Lily, Jane, and Silas climb into the back, Jane between the other two. No one says a word.
We are a strangely well-oiled machine, pieces that come together to work in sync. We don’t do this because of orders. We don’t do this because of some weird psychic connection or premonition.
We do it because this is the way survival works. This is the way intelligence works. Not the kind of intelligence that all human beings possess. The kind of intelligence that involves research behind the scenes, in the shadows, in the nooks and crannies where political animals live and thrive.
In some way I don’t understand, Lily has learned to speak our language. She’s vigilant. Constantly vigilant, with the dual understanding that everything she does has to be done surreptitiously, and at the same time, that she has to be aware of every single movement, every word, every signal that every person in a given setting is sending out.
We turn into receivers. We take in radio signals and interpret them. We spit the results back out.
That’s how it has to be.
That’s how we’re made.
The jerky drive through the streets surrounding President Bosworth's personal compound changes the minute we make a certain right turn.
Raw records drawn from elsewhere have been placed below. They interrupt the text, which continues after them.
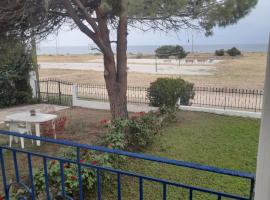 By the sea dome, hotel with parking in Maronia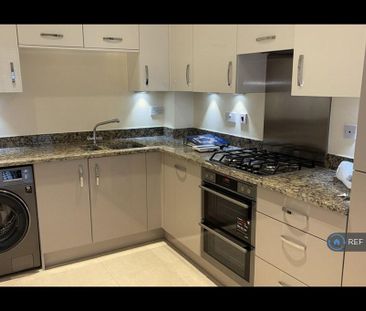 4 bedroom semi-detached house to rent - Photo 5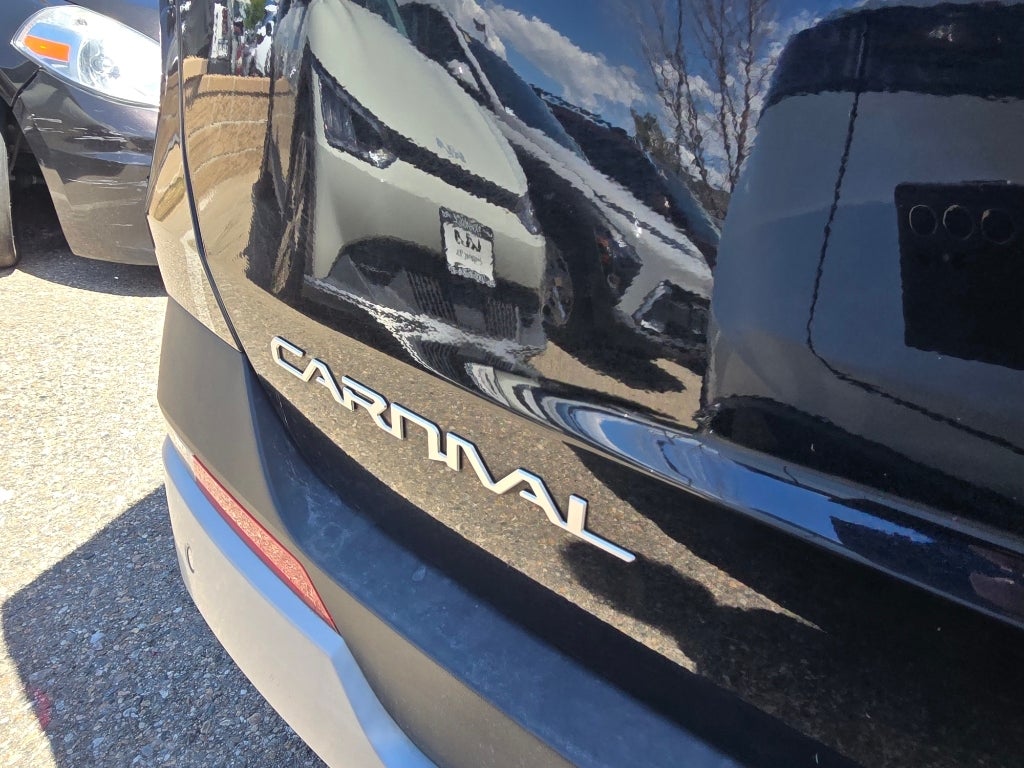 2025 Kia Carnival LXS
Down a slope to a garage where the doors don’t open the way they do in the civilian world. This is where we’ll enter the Byzantine maze that will take us to a room where Jane will find herself standing in front of a man who looks at her with eyes that tell a thousand different stories and absolutely none —all at the same time.
When you have eyes like that, you get to lead nations.
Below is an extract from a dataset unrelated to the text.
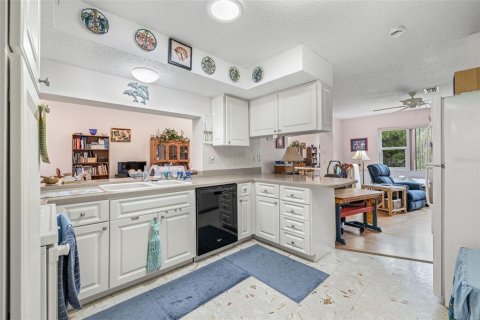 Casa en venta en Hudson, Florida, 2 dormitorios, 167.41 m2 № 1899720 - foto 7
If we were in civilian life, Lily would be shaking by now. Normal nervousness requires an identification with other people as social beings. We get nervous when we think we might be excluded from the social group that we need in order to stay alive.
Exclusion is a tool. Expulsion is a weapon.
There’s a reason why shame is used so often as a tool to control other people. Shame disconnects us from the social group. That disconnectio
n can lead to death.
But here’s the key: you can climb awfully high or live awfully low if you don’t care about the shame.
It takes a lot to reach that point.
But once you do, the nerves—they learn something exquisite. They learn to simmer down, to settle in, to curl up and just watch the way the world moves and unfolds before them. The nerves learn that they don’t have to react or anticipate in the same way that they do when you actually care what other people think.
I can tell by the way Lily moves that she’s gone beyond the point of caring.
That’s a shift I didn’t expect in her.
You can’t work in a florist shop, giving people bouquets of happiness, arrangements of sorrow, blossoms attached to emotion, and not care. Then again, Lily changed almost two years ago.
Where did she go for fourteen months inside her own head?
She's still changing, before my very eyes.
It’s the little things that make me realize she’s different. There are no questions on this ride. She doesn’t ask where we’re going. Or why. It’s the lack of why that gets to me more than anything else.
She knows that President Bosworth is Jane’s father. No one else knows that outside of the circle of security people who surround the president.
Who now surround Jane.
My phone buzzes and I look down. It’s a text from Gentian, who’s sitting right behind me.
How is Lily really? the text asks.
I stare at my own glass screen and almost make a sound that reveals that my nerves aren’t quite as flat as I thought.
You know more than I do, boss, I text back.
He immediately responds with, Bullshit.
Holding my face neutral, I reply, She was close to telling me something.
His reply is a simple, Get her to talk.
Trying, I type back.
Try harder, he replies.
And then the question that I know is coming but don’t want to read:
What do you think she knows?
No clue, I reply.
Does she know who her shooter was? he texts.
Don’t know, I reply.
What else could be so important that she’d hide it? Silas writes.